The National Anti-Corruption Alliance has launched the ‘Pay Back Our Money’ campaign to encourage people who looted public funds and property to voluntarily restitute and urged government to provide a 30-day amnesty for such persons.
While appreciating the current arrests linked to abuse of public funds, the alliance members said in a media briefing in Mzuzu yesterday that Malawians want those responsible not just arrested, but also convicted and the looted property or money recovered.
The alliance is a formation of Malawi Law Society (MLS), Youth and Society (YAS), Centre for Human Rights and Rehabilitation (CHRR) and Church and Society of the CCAP Synod of Livingstonia.

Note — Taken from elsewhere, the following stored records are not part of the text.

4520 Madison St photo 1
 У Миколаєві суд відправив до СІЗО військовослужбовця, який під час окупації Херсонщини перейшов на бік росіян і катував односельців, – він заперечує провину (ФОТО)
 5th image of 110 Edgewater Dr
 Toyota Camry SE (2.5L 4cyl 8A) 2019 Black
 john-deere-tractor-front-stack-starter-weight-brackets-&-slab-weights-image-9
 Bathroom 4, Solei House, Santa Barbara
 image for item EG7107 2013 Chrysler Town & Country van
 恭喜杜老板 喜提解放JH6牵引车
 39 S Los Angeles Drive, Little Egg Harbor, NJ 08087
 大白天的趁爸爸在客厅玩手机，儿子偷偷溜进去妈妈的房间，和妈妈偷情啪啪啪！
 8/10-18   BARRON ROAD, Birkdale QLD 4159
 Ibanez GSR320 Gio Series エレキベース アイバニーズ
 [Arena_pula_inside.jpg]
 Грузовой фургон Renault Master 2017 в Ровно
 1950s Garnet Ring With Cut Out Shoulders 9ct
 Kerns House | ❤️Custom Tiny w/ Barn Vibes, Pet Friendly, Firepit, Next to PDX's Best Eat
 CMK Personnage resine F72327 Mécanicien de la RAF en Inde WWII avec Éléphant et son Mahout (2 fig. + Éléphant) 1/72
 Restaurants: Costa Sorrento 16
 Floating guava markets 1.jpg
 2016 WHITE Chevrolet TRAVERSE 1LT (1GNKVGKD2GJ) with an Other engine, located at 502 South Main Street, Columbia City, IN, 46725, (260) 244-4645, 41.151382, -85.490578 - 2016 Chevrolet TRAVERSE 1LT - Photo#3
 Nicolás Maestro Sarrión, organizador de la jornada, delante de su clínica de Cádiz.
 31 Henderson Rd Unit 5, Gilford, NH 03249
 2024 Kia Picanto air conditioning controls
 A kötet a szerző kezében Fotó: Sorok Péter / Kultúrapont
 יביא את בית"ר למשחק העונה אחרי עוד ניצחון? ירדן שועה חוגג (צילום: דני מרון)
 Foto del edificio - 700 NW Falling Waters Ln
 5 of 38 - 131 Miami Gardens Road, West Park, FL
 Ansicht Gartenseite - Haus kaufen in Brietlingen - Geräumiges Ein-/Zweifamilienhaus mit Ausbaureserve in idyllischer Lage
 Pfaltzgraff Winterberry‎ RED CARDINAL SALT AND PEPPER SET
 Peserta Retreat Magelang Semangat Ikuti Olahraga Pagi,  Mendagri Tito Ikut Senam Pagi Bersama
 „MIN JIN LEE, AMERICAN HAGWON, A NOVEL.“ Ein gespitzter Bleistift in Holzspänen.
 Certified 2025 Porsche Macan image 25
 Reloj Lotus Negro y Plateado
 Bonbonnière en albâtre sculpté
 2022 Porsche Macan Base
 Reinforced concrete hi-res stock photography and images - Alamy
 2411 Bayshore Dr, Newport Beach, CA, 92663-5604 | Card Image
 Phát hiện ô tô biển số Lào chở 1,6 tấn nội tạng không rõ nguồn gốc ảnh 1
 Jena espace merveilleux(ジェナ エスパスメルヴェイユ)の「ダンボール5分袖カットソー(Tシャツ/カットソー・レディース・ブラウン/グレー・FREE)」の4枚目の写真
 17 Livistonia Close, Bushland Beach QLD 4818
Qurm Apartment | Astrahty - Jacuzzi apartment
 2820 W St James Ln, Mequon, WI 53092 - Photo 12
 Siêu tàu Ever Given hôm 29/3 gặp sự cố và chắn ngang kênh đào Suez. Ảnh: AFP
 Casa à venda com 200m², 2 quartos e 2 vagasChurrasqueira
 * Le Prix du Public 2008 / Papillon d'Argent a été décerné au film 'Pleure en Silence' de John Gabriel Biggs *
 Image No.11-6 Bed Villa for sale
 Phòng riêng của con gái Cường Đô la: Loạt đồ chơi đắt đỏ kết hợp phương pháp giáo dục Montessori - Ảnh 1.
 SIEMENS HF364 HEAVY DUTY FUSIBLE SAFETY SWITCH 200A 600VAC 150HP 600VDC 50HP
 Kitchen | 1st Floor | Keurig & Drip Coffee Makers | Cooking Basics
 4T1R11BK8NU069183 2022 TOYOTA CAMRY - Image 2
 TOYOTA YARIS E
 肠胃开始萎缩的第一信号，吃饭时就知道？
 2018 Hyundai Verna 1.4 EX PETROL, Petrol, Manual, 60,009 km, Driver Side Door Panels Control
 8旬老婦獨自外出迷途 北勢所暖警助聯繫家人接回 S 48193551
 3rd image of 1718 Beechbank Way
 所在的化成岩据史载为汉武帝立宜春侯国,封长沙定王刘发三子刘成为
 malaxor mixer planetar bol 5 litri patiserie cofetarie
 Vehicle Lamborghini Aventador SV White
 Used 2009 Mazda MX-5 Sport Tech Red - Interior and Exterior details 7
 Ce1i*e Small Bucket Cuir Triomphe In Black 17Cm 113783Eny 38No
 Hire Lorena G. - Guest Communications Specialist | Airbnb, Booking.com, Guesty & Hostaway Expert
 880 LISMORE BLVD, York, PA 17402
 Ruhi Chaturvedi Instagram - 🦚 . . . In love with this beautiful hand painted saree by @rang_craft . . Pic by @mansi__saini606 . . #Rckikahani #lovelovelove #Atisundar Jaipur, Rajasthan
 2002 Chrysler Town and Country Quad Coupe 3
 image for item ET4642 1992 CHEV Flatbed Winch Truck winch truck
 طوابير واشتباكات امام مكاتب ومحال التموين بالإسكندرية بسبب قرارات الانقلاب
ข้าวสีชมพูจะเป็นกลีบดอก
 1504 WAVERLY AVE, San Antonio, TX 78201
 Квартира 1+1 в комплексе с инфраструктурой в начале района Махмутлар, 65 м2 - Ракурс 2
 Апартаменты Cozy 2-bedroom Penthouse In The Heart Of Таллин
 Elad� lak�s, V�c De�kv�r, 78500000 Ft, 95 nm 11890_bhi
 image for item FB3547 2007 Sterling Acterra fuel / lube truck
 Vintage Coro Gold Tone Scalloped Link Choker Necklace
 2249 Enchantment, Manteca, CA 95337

CHRR leader Michael Kaiyatsa said the alliance aims to clean up the corruption mess in the country which has left Malawians impoverished as resources were only enjoyed by the corrupt few at the expense of the majority poor.
He said: “We have seen arrests before, but nothing happened. So we are saying, when you arrest them, conclude the cases, and the money or property stolen should be given back to Malawians. We don’t want rhetoric anymore, we are tired of it.
“So, we want to use social and traditional media as much as possible. We will have a media campaign urging Malawians on the need for those that have taken our money to pay back. This will be a sustained campaign, and if we see that nothing is happening, that cases keep on dragging, we will mobilise people to demonstrate.”
On his part, Charles Kajoloweka of YAS suggested the need to establish a Financial Crimes Court to specifically handle corruption cases.
“We are also proposing that a commission of inquiry be set up to establish how much as a country we have lost to corruption over the past few years, and what we need to do. The special court will help expedite corruption cases,” he said.
The alliance chairperson Moses Mkandawire, who heads Church and Society, said Malawi needs to re-evaluate and address issues of management and disposal of seized and confiscated assets.
He said: “We also need to look at the legal framework governing the administration of seized and confiscated assets, planning parametres on the management of seized assets and control measures.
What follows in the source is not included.